La création judiciaire des pouvoirs policiers est problématique, et cela, à plusieurs égards. La doctrine des pouvoirs policiers accessoires contrevient à la séparation des pouvoirs et mine la primauté du droit. L’exercice des pouvoirs policiers accessoires engendre également du profilage racial et social et de la discrimination. Malgré l’élargissement des pouvoirs policiers, les tribunaux n’ont pas élargi de façon concurrente la portée des recours civils qui visent à contrer l’inconduite policière. Comment rééquilibrer le rôle de la Cour suprême de manière à favoriser la séparation des pouvoirs, à promouvoir la primauté du droit et à mieux protéger les droits et libertés fondamentaux?

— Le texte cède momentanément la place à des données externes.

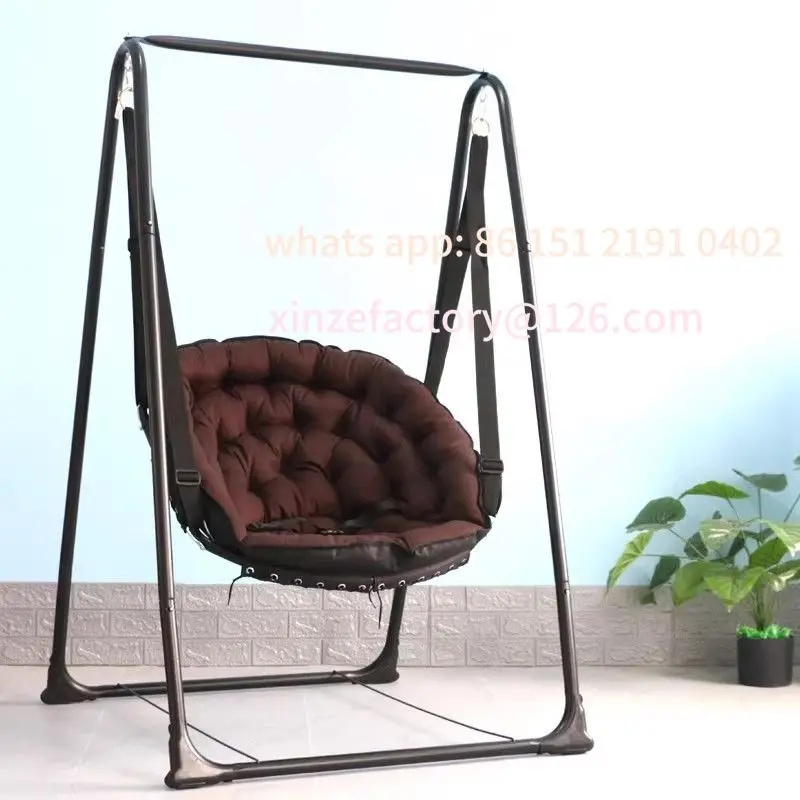 Customizable hanging chair, swing, hanging basket, rattan chair, home leisure lazy bar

Cet article démontre comment la doctrine des pouvoirs policiers accessoires a transformé le rôle de la Cour suprême en matière de procédure criminelle, notamment, de protecteur des droits fondamentaux à créateur de pouvoirs policiers qui portent atteinte à ces droits. L’article explique comment la Cour suprême pourrait rééquilibrer le rôle des trois branches du gouvernement en procédure criminelle et réorienter les tribunaux vers leur fonction primordiale de protecteurs des droits fondamentaux dans ce domaine du droit. La dernière partie de l’article propose quatre solutions pour atteindre ces objectifs de manière à mieux respecter la séparation des pouvoirs, la primauté de droit et les droits et libertés.
EN :
During the last two decades, the Supreme Court of Canada created and authorized new police powers that are exercised routinely. For example, the Court authorized police officers to stop motor vehicles at random, detain individuals for investigative purposes, and carry out preventive frisk searches on people. The Court stated that judges can use the “ancillary powers doctrine” to create new police powers that fill legislative gaps.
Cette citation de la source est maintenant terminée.